Multi-field or other operators¶
In some cases the formula discussed above might not be quite sufficient for a task - for example if the new field is supposed to be a product or a difference of two or more existing fields, or if the new field isn’t actually based on an existing field at all.
The operator class allows for this; the first argument to both the
new_field() and transform() method is actually completely
generic. You can pass any type you like to these, so long as the methods
still return the correct result (a new mule.Field object and a
data array, respectively). So for example an operator which multiplies
two existing fields together might look like this:
class FieldProductOperator(mule.DataOperator):
def __init__(self):
pass
def new_field(self, field_list):
field = field_list[0].copy()
field.lbproc += 256
return field
def transform(self, field_list, new_field):
data_1 = field_list[0].get_data()
data_2 = field_list[1].get_data()
return data_1*data_2
Note that our input to new_field() is now a list of fields, and we
simply assume the headers should copy from the first field in the list
(we update “lbproc” by 256 - “Product of two fields” according to UMDP F03).

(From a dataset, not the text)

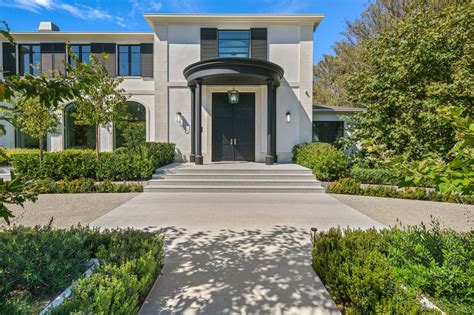 The Laurel House Rochelle Maize Beverly Hills Real Estate Agent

The operator then simply retrieves the data from both fields and multiplies
them together.
Note
This example is designed for brevity but in practice you might want
to include some input checking in the methods - for example the above
could check that the input is actually a list and that it contains
2 fields (and maybe that it contains exactly 2 fields). However
note that you don’t need to repeat the checks in both of the methods
(the argument passed to transform() will always be exactly
what was passed to new_field())
In actual fact the first argument can be literally anything - so you are free to implement your operator however you wish (as long as each method returns the correct output).
Provided Operators for LBCs¶
Compared to the other file types the data sections of the fields in LBC files are slightly more awkward to interpret. In this section we will explain the features which can help with transforming the LBC data - for full details of exactly how the data is arranged consult the main UM documentation.

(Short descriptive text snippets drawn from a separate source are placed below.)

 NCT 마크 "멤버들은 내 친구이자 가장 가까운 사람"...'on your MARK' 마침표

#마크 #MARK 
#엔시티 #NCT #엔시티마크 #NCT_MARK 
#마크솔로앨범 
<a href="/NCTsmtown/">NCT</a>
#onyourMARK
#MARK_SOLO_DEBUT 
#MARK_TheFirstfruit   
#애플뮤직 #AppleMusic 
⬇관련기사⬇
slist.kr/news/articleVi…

Supposing we have loaded an LBC file, then accessing the data from the first field will return an array with one dimension being the vertical level and the other containing all points in the field in an LBC specific ordering:
>>> # "lbc" is an LBCFile object
>>> field = lbc.fields[0]
>>> data = field.get_data()
>>> data.shape
(38, 272)
In some cases this might be suitable for your requirements without any extra interpretation. For example if you simply want to scale the entire field by a factor or add it to another field, it doesn’t matter that the points are arranged in this way. However if your processing needs to refer to specific parts of the domain or if you wish to visualise the data in some way, you can make use of the following built-in operator:
>>> from mule.lbc import LBCToMaskedArrayOperator
>>> lbc_to_masked = LBCToMaskedArrayOperator()
>>> masked_field = lbc_to_masked(field)
>>> data = masked_field.get_data()
>>> type(data)
<class 'numpy.ma.core.MaskedArray'>
>>> data.shape
(38, 18, 24)
It’s a simple operator, requiring no arguments and mapping directly from a
standard LBC field. The resulting object’s get_data() method returns
a masked-array where the central portion of the LBC domain provides the mask.
It still has the level dimension but the other one has been expanded to appear
as a 2d array.
Of course if this is being done as part of a broader (set of) data operations with the intention of writing out the field with modifications, it will need to be translated back the other way before writing. An equivalent operator exists to perform this reverse-translation:
>>> from mule.lbc import MaskedArrayToLBCOperator
>>> masked_to_lbc = MaskedArrayToLBCOperator()
>>> field = masked_to_lbc(masked_field)
>>> data = field.get_data()
>>> type(data)
<type 'numpy.ndarray'>
>>> data.shape
(38, 272)
As discussed above the modular nature of the operators means that for LBC files
a common pattern will be to apply the LBCToMaskedArrayOperator to a
field from an input file, followed by an operator of your own and then
eventually use the MaskedArrayToLBCOperator to prepare it for output.
Conclusion¶
Having read through this section you should have an idea of how you can use data operators to manipulate the data in UM files. As a slightly abstract concept the best way to improve your understanding from here is to try writing a few simple operators of your own and see what you can come up with!